EXERCISE OBJECTIVE: Could you give back every record below exactly, leaving out the pictures?

Short descriptive text snippets
- Opening Delimiter -

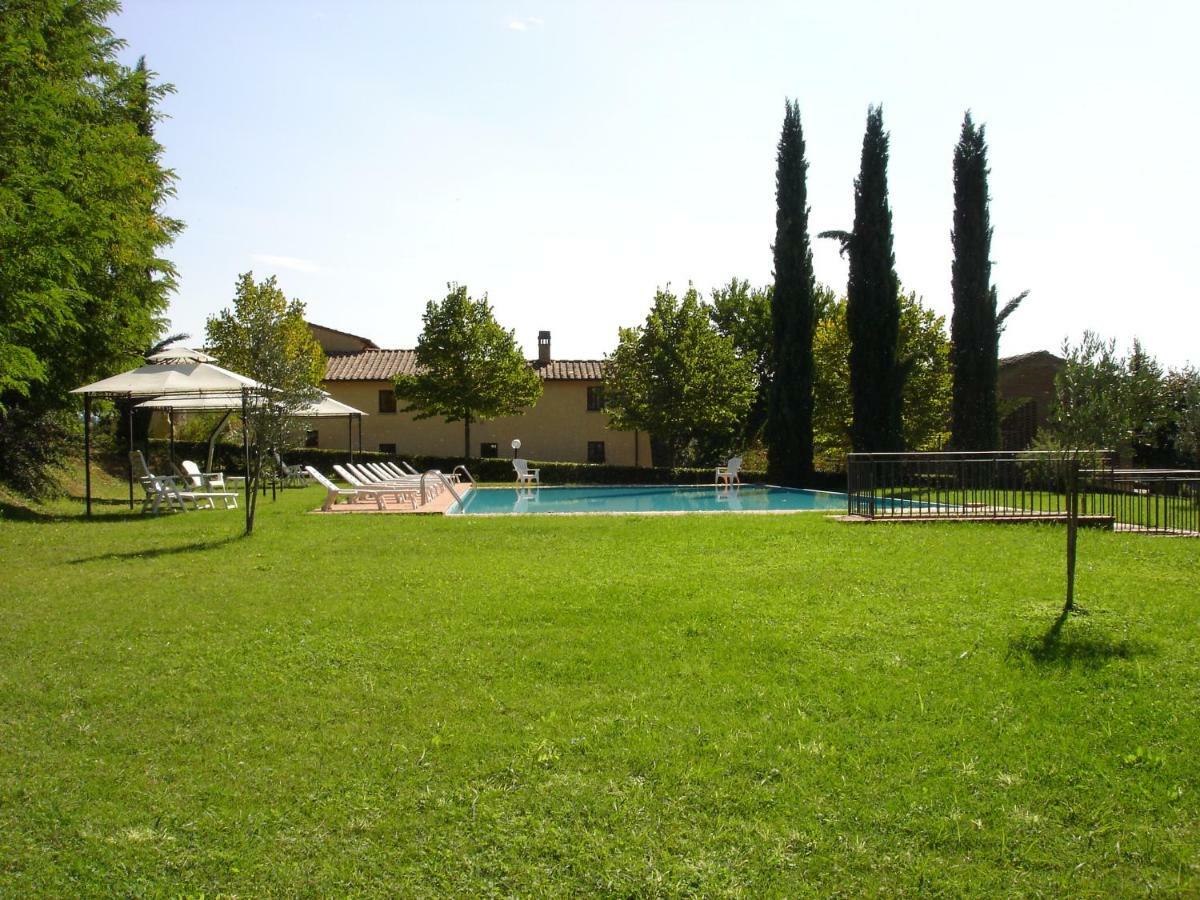 Appartamenti Avanella A 150 Mt Dalla Piscina 150 Mt From Swimming Pool تْشيرتالدو المظهر الخارجي الصورة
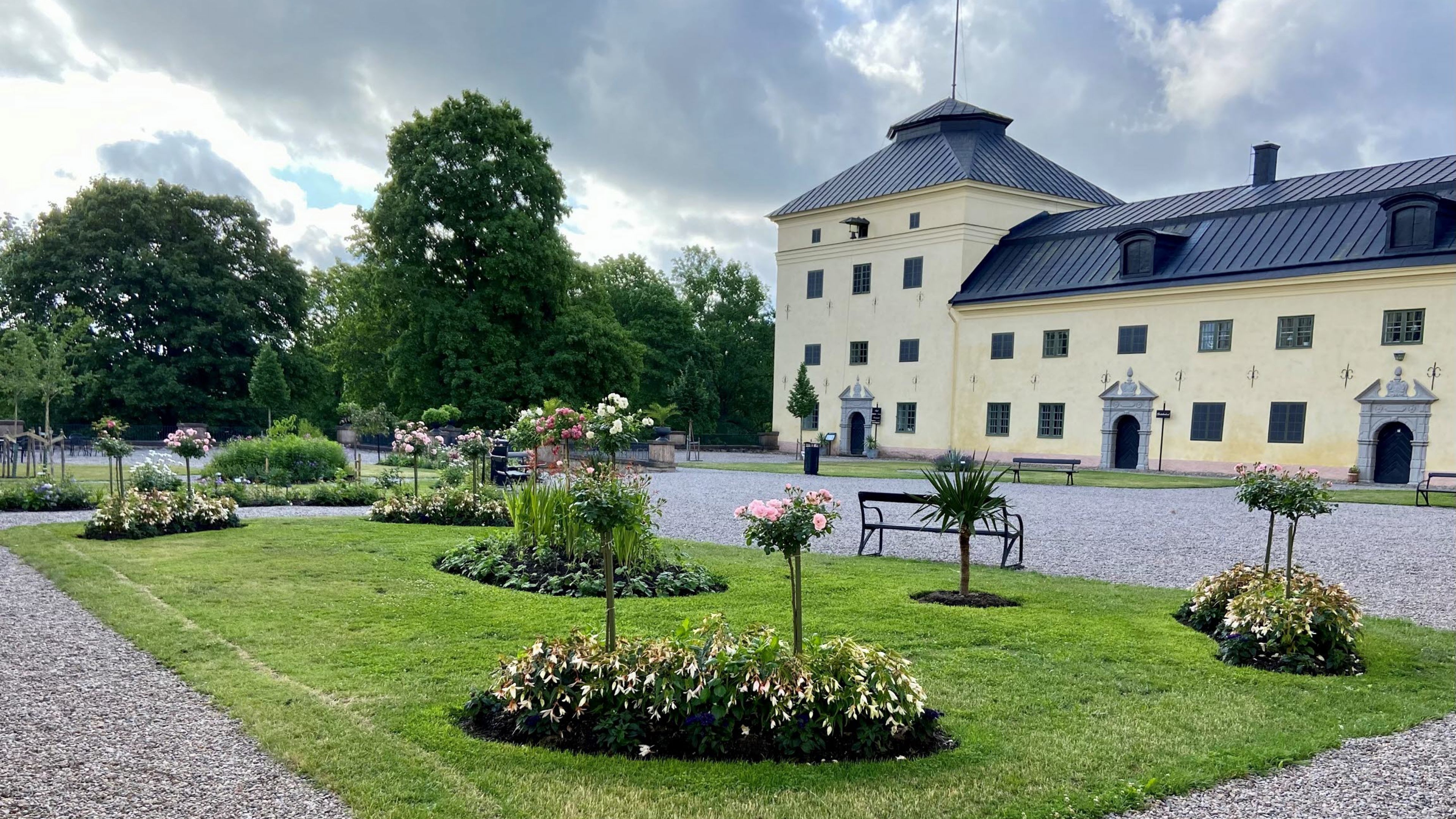 Vy över borggården första sommaren efter nyplantering enligt projektet Emilie Pipers Gröna borggård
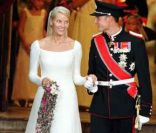 Mette Marit épouse le prince Haakon de Norvège le 25 août 2001. Oslo, 25 août 2000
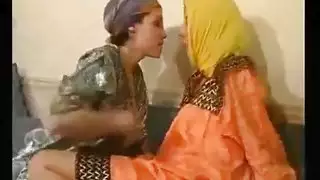 بنات يستمنوا حتي يخرجوا شهوتهم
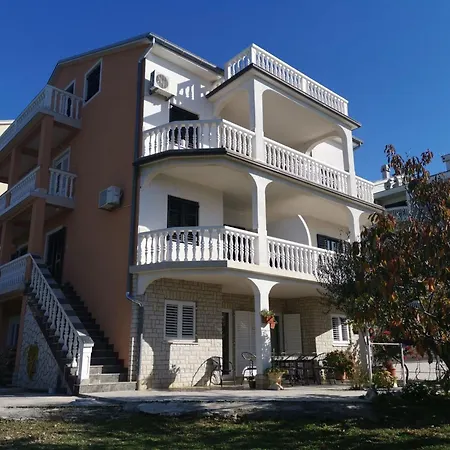 Apartament Fuer 2-3 Personen Mit Balkon By Interhome Crikvenica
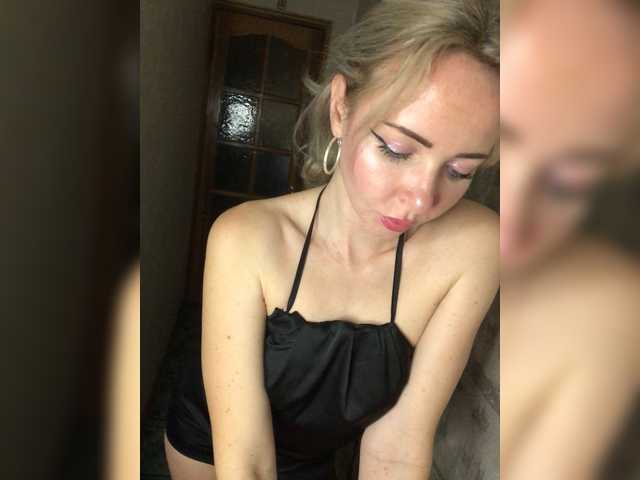 Kristina16-1's BongaCams show and profile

- Closing Delimiter -

RESPONSE TO THE EXERCISE:
 Appartamenti Avanella A 150 Mt Dalla Piscina 150 Mt From Swimming Pool تْشيرتالدو المظهر الخارجي الصورة
 Vy över borggården första sommaren efter nyplantering enligt projektet Emilie Pipers Gröna borggård
 Mette Marit épouse le prince Haakon de Norvège le 25 août 2001. Oslo, 25 août 2000
 بنات يستمنوا حتي يخرجوا شهوتهم
 Apartament Fuer 2-3 Personen Mit Balkon By Interhome Crikvenica
 Kristina16-1's BongaCams show and profile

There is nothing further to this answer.